En tiempos algunas personas expresaron su deseo de condenar a muerte a Dominin por su crimen. Pero Valentine jamás cedió a sus deseos. Quizá un rey bárbaro del mundo prehistórico hubiera hecho ejecutar a sus enemigos, pero ningún crimen, ni siquiera el intento de matar a un monarca, había merecido esa condena en Majipur. Además, el derrotado Dominin había caído en la locura: su cerebro quedó totalmente trastornado al saber que su padre, el supuesto Rey de los Sueños, era en realidad un impostor metamorfo.

Habría sido absurdo imponer castigo a un ser tan arruinado.
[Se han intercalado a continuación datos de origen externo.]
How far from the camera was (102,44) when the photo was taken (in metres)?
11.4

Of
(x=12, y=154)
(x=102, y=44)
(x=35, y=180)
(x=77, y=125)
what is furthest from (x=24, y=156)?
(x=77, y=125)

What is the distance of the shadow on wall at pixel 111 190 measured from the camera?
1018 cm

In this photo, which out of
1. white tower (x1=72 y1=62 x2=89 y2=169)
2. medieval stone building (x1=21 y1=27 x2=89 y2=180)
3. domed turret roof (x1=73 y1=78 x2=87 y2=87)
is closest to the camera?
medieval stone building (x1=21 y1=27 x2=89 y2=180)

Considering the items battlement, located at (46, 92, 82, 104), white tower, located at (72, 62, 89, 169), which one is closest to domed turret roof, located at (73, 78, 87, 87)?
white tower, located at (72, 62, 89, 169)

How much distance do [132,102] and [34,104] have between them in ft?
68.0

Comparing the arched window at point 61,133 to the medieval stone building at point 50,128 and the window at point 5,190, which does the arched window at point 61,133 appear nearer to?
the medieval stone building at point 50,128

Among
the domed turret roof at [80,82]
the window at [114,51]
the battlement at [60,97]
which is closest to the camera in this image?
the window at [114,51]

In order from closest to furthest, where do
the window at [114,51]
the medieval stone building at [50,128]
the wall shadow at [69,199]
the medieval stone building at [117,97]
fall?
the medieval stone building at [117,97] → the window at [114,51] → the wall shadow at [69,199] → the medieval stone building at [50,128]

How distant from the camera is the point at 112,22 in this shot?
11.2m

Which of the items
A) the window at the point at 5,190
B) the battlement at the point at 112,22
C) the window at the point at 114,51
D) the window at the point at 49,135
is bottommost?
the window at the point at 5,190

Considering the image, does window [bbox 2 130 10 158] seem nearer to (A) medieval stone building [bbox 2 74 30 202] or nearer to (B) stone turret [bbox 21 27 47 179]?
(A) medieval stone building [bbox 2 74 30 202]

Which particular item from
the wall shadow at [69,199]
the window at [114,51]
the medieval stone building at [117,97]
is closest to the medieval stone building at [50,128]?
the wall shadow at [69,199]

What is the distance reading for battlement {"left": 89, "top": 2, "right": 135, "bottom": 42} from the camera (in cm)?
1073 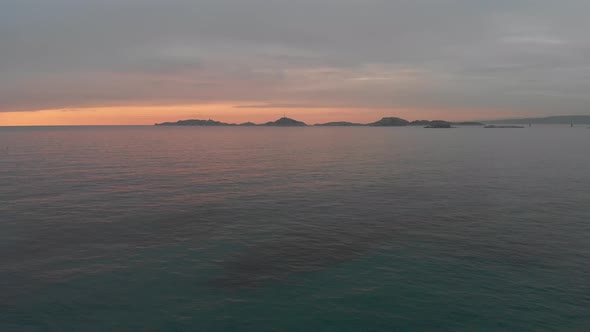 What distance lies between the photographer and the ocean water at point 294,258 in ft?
68.2

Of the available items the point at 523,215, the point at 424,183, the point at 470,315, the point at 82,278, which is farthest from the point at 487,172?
the point at 82,278

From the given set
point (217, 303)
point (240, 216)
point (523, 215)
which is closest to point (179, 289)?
point (217, 303)

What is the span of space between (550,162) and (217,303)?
322 feet

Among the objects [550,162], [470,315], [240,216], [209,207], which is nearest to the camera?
[470,315]

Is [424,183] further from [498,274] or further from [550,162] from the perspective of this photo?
[550,162]

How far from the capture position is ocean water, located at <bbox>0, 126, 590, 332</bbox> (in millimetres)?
20797

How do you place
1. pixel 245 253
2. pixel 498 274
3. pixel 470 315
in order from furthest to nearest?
1. pixel 245 253
2. pixel 498 274
3. pixel 470 315

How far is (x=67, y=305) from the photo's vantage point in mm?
21734

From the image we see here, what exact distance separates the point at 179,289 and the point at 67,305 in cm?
633

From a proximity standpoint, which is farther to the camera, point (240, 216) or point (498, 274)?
point (240, 216)

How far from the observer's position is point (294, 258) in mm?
28656

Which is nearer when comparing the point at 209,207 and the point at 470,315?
the point at 470,315

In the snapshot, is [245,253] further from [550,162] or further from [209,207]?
[550,162]

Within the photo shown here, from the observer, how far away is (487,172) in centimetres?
7469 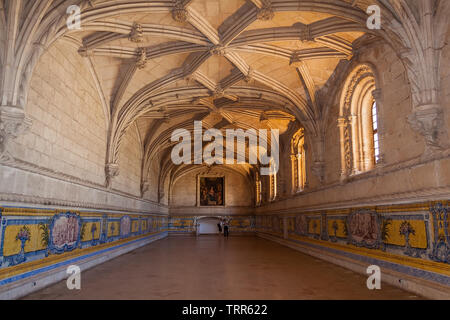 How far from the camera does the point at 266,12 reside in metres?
7.79

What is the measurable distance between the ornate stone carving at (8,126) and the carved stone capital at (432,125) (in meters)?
6.78

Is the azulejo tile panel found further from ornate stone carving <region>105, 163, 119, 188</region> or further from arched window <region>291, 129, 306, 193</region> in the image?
arched window <region>291, 129, 306, 193</region>

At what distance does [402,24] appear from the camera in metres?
6.02

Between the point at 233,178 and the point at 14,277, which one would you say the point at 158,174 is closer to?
the point at 233,178

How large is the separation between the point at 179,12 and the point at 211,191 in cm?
2249

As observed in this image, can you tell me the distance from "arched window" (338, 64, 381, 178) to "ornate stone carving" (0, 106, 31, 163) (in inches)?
312

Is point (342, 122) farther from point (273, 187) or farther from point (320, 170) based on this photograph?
point (273, 187)

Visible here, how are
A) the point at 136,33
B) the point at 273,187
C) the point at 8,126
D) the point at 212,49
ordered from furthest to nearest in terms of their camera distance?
the point at 273,187
the point at 212,49
the point at 136,33
the point at 8,126

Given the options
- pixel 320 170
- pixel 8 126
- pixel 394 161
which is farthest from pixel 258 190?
pixel 8 126

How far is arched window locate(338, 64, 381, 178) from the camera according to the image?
361 inches

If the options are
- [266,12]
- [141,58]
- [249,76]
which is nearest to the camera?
[266,12]

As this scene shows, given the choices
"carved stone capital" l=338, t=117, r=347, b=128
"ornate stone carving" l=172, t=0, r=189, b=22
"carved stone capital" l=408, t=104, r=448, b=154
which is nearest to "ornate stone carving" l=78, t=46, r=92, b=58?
"ornate stone carving" l=172, t=0, r=189, b=22

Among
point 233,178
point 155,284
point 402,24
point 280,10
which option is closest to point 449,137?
point 402,24

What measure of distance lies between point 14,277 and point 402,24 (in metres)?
8.23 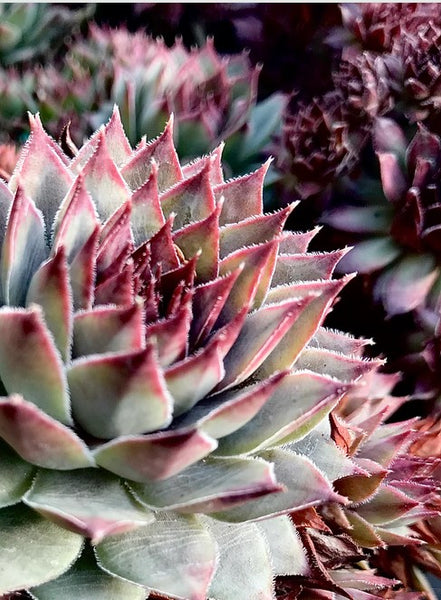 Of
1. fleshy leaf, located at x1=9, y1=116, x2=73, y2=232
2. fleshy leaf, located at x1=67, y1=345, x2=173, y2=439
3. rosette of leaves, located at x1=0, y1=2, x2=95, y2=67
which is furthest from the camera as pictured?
rosette of leaves, located at x1=0, y1=2, x2=95, y2=67

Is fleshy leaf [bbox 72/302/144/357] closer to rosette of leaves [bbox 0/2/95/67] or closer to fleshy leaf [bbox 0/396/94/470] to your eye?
fleshy leaf [bbox 0/396/94/470]

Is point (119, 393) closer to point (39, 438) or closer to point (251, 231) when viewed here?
point (39, 438)

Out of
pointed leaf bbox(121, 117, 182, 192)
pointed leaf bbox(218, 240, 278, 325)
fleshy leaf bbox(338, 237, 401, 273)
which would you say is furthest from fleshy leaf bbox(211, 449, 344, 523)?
fleshy leaf bbox(338, 237, 401, 273)

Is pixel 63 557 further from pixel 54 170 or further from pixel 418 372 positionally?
pixel 418 372

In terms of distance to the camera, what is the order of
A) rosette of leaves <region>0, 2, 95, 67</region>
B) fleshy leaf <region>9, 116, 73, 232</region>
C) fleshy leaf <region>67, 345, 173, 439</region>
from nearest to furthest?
1. fleshy leaf <region>67, 345, 173, 439</region>
2. fleshy leaf <region>9, 116, 73, 232</region>
3. rosette of leaves <region>0, 2, 95, 67</region>

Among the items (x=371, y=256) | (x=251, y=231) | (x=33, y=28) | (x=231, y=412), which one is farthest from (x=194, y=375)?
(x=33, y=28)

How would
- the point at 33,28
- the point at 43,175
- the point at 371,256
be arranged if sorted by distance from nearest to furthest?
the point at 43,175 < the point at 371,256 < the point at 33,28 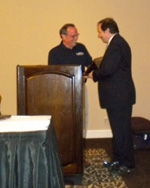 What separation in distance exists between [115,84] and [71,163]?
83cm

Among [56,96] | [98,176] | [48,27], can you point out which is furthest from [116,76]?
[48,27]

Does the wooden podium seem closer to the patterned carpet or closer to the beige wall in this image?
the patterned carpet

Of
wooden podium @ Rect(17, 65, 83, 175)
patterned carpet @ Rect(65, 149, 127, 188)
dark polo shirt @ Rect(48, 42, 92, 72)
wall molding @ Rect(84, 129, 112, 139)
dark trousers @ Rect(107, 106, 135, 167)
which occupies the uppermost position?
dark polo shirt @ Rect(48, 42, 92, 72)

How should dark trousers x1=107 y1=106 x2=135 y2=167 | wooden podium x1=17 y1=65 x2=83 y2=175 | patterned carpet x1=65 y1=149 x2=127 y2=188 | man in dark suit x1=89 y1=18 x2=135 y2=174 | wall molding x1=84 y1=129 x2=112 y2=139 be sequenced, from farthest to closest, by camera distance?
wall molding x1=84 y1=129 x2=112 y2=139 → dark trousers x1=107 y1=106 x2=135 y2=167 → man in dark suit x1=89 y1=18 x2=135 y2=174 → patterned carpet x1=65 y1=149 x2=127 y2=188 → wooden podium x1=17 y1=65 x2=83 y2=175

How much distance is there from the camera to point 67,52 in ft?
10.5

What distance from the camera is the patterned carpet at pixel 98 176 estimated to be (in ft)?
8.23

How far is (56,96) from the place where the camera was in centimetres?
230

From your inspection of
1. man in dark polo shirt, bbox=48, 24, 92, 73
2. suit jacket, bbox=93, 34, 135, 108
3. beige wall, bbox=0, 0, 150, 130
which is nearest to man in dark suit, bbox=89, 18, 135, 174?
suit jacket, bbox=93, 34, 135, 108

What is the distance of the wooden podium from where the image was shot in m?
2.26

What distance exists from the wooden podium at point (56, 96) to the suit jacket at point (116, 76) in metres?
0.46

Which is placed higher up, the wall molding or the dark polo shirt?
the dark polo shirt

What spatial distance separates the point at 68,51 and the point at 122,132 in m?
1.09

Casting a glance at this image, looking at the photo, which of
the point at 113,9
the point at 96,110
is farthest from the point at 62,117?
the point at 113,9

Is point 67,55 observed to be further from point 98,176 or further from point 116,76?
point 98,176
Valentine, nada más recuperar el trono, perdonó a Dominin y lo entregó a los emisarios familiares a fin de que pudiera regresar a Suvrael. El usurpador fue mejorando con el paso del tiempo y varios años más tarde solicitó autorización para personarse en el Castillo a fin de implorar el perdón de la Corona. «Ya tenéis mi perdón», le replicó Valentine. Pero Dominin se presentó a pesar de todo, se arrodilló con suma humildad y sinceridad ante la Corona en el transcurso de una jornada de audiencia en el salón del trono de Confalume y libró su espíritu del peso de la traición.